Billionaire investor Warren Buffett wants the federal government to stop “coddling the super-rich,” as he writes in the New York Times. The 236,883 households that make at least $1,000,000, Buffett advises, need to pay more taxes and “share in the sacrifice.” As an exercise in moral preening, Buffett’s op-ed works well. But it doesn’t offer anything useful for solving our debt crisis.

What Buffett doesn’t mention points to the problems in his analysis. (See Tim Worstall at Forbes for another flaw.) For example, Buffett finds it objectionable that in 1992, the “top 400 had aggregate taxable income of $16.9 billion and paid federal taxes of 29.2 percent on that sum. In 2008, the aggregate income of the highest 400 had soared to $90.9 billion — a staggering $227.4 million on average — but the rate paid had fallen to 21.5 percent.” Yes, but those lurid numbers leave out the fact that the lower rate generated $19.5 billion in revenues, compared to $7.47 (in 2008 dollars) billion generated by the higher rate. That helps explain why during this same period, revenues increased by $820 billion (in 2005 dollars), and the percentage of income taxes paid by the top 1% went from 26% to 38%. Increasing revenues, not satisfying simplistic notions of “fairness” based on tax rates, should be the objective of our tax code.

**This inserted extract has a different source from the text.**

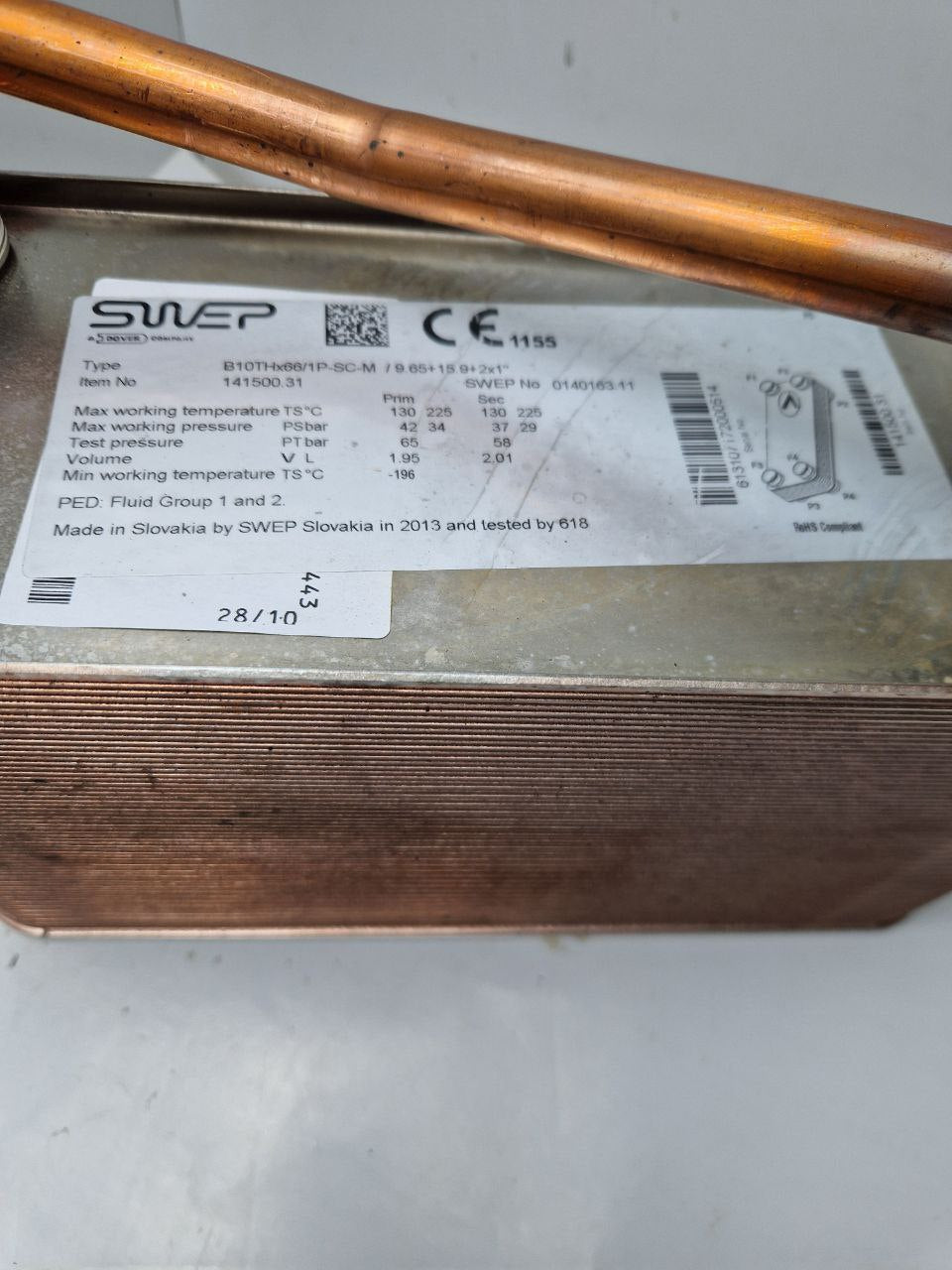 PLATE HEAT EXCHANGER 16KW VERTICAL SWEP DOVER vita, Type B10THx66/1P-SC-M/9.65+15.9+2x1"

Then there’s Buffett’s argument that the super-rich get a break because they mostly escape the payroll taxes paid by the middle and working classes. But that’s comparing apples and oranges: in the long run payroll tax monies are returned to workers or their survivors in the form of disability, unemployment, Social Security, and Medicare benefits. In most cases, workers will receive much more in benefits than they paid in taxes, which is why economist Robert. J. Samuelson has called Social Security “middle-class welfare,” a pay-as-you-go program the benefits of which can be increased to gratify voters. Income tax monies, however, are at best only indirectly returned to those who pay them, often for programs taxpayers feel are unnecessary, wasteful, or immoral. More important, entitlement spending and mounting debt are on track to bankrupt the country, a fate that raising marginal tax rates will not avoid.

Finally, there is the whiff of bad faith in Buffett’s argument when he says he and his mega-rich friends “wouldn’t mind being told to pay more in taxes as well, particularly when so many of their fellow citizens are truly suffering.” Of course, many others would mind very much having the federal government determine how their money should be spent. But more important, if Buffett et al. think they should give the government more money in order to alleviate the suffering of their fellow citizens, then they should write a check to the Gifts to the United States, U.S. Department of the Treasury, Credit Accounting Branch. After all, the Good Samaritan didn’t wait around for the Romans to legally compel him to do a good deed.